A COUPLE…

who decided to raise their three young children in Manhattan needed an apartment with proximity to nature and a way to separate the generations. The place they found, a Fifth Avenue duplex, seemed almost an extension of Central Park’s treetops. But, having begun life as three smaller units, it was laid out awkwardly — so awkwardly that architect Matt Berman of Workshop/APD has said that renovating it “felt like justice being done.”

 

 

BUT EVEN…

justice has its limits. The apartment’s eight-foot ceilings were a fact of life that both Berman and interior designer Jenny Stone had to accommodate.

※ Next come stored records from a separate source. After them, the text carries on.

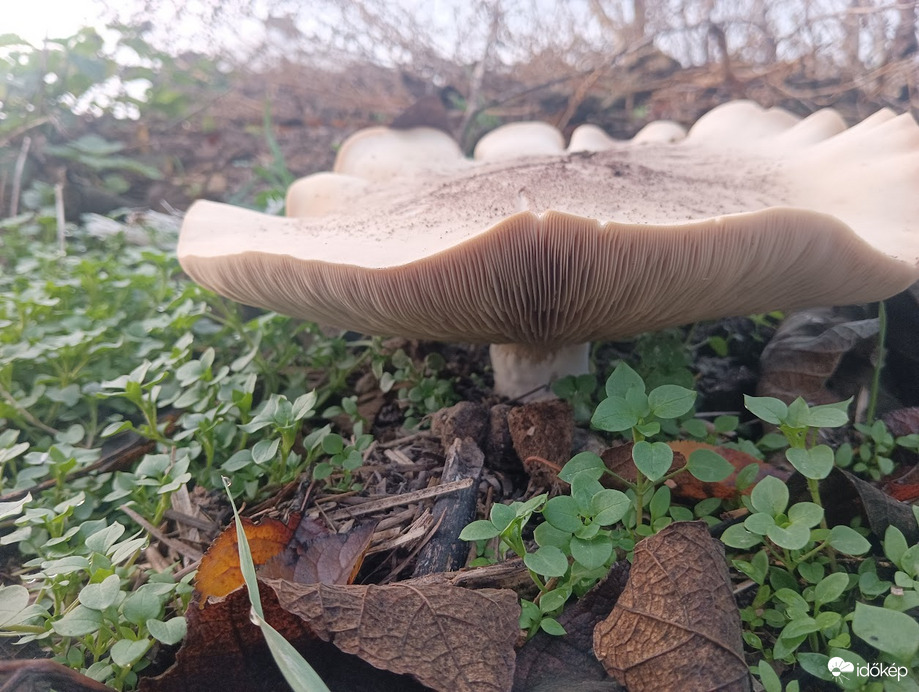 Lilatönkű pereszke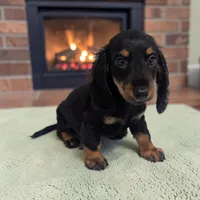 Pepper, a male Miniature Dachshund for sale in Dundee, OH – 2 of 5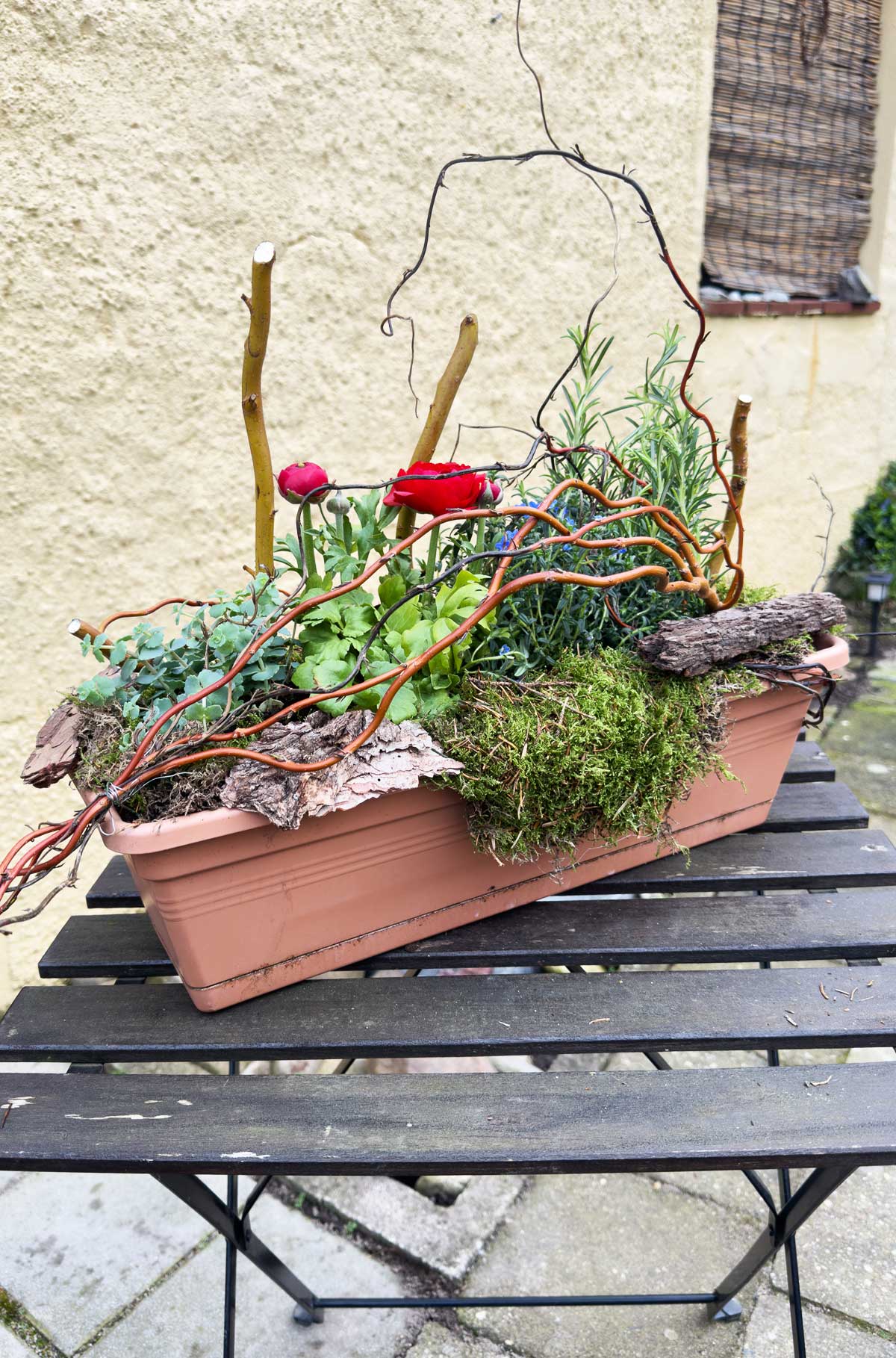 Deko Ideen, Lappenmoos, Flachmoos, dekogreen.de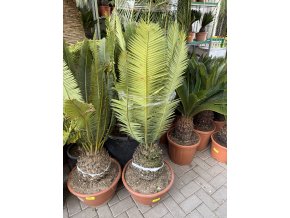 Dioon Edule 135 cm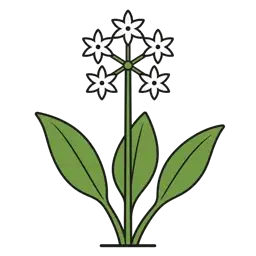 wild garlic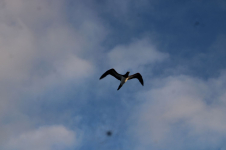 Chesterfield - oiseaux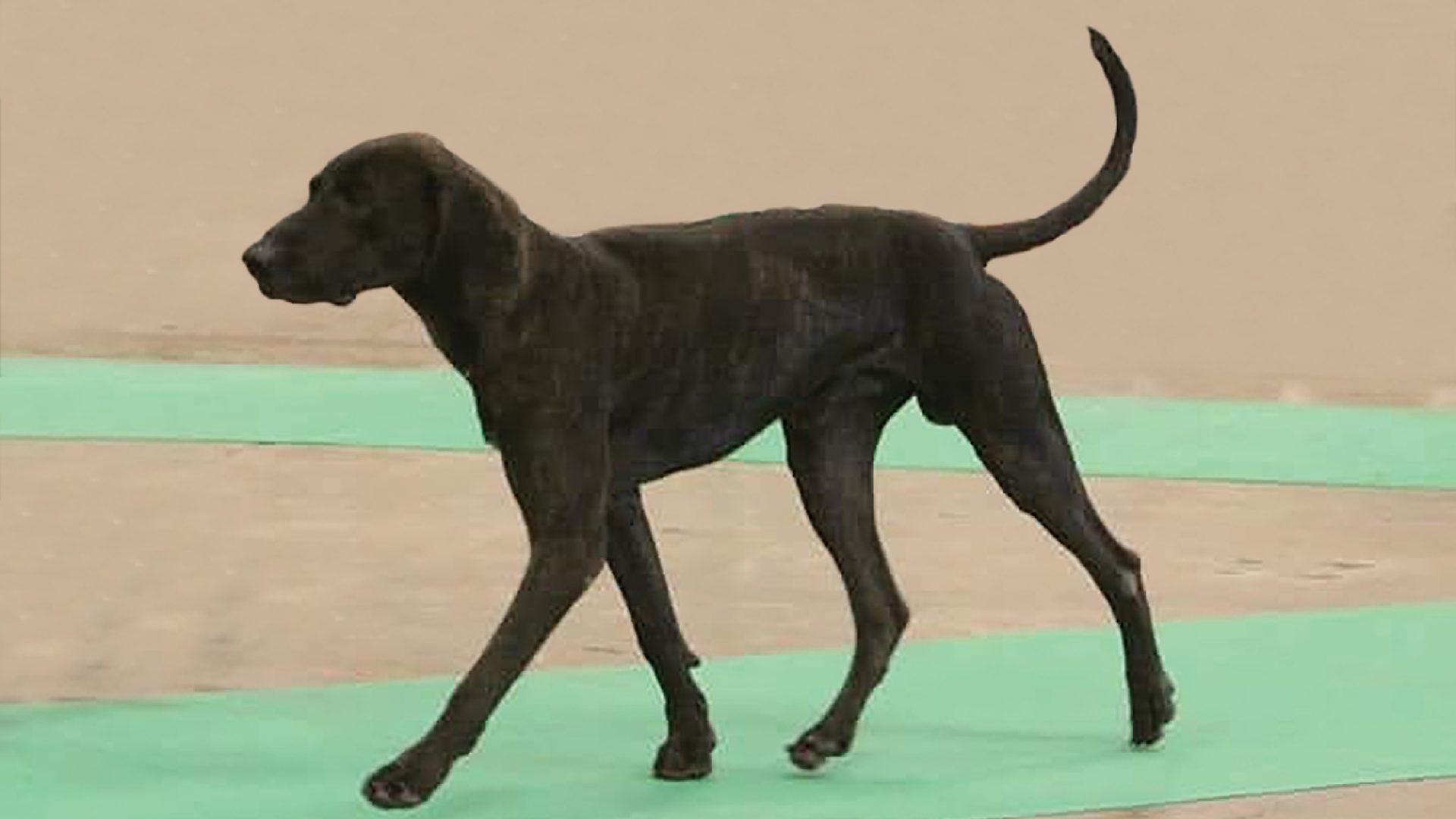 Plott Hound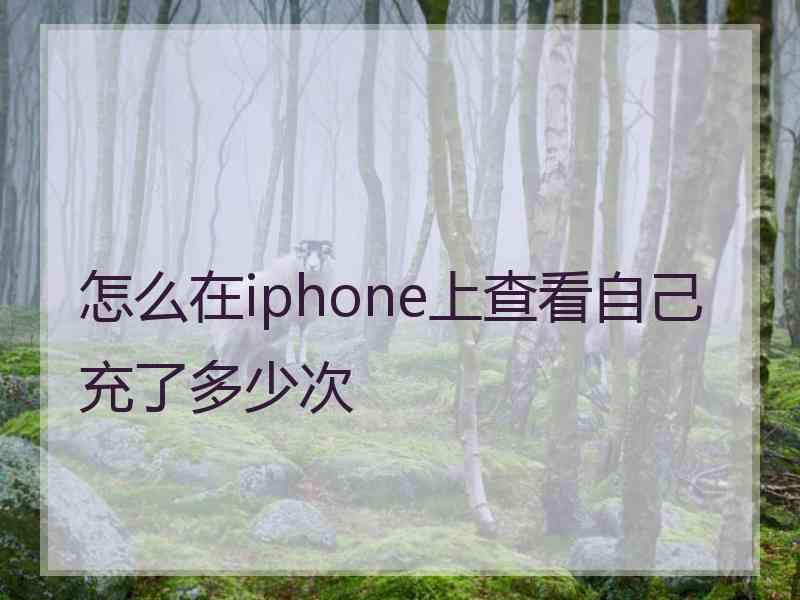 怎么在iphone上查看自己充了多少次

While Berman created overhead topography (notice the coves over the dining table), Stone chose pieces that are compelling but low to the ground, like the pair of Pierre Paulin “Ribbon” chairs in a Pierre Frey fabric, and the low-slung sofa from Todd Merrill Studios below a triptych by the photographer Chris McCaw. Bracketing the sofa are a pair of black “Atollo” lamps designed by Vico Magistretti

 

 

THE ARCHITECTS…

treated the space like the interior of a yacht — where carefully crafted built-ins ensured that not an inch of space is wasted. The rooms also recall yacht interiors in their materials palette — lots of fine woods and lustrous metals. There’s very little color here; the architects created a neutral backdrop in sepia tones. But they gave every room extraordinarily elegant details, some reminiscent of the work of Italian architect Carlo Scarpa, like the legs on the breakfast area banquette and the bronze accents in the marble kitchen island.

 

 

 

THE FURNISHINGS…

that Stone chose, including vintage chairs from Rotterdam’s Contemporary Showroom, surrounding a Kelly Wearstler dining table, are subtle in hue but superb in detail and proportion. Also superbly detailed is the new stairway, designed by Workshop/APD and set into a double-height space backed by a 17-foot wall of rough-hewn travertine. The stairway itself is a steel ribbon that one writer described as having “swirling, cyclonic energy” that pulls “anyone who comes near it upward.” The exterior of the one-piece steel stairway is painted white; the interior is covered in wood veneer.

 

 

 

 

 

THE ENTIRE…

second floor belongs to the parents, whose bed from Hickory Chair could be a hammock in the trees. In their bathroom, the dramatic veining of the vanity’s black marble suggests water splashing over the edge, or perhaps even lightning striking. True, the windowless bathroom is far from the apartment’s raison d’etre — its remarkable Central Park views — and yet the small room has all the drama it needs.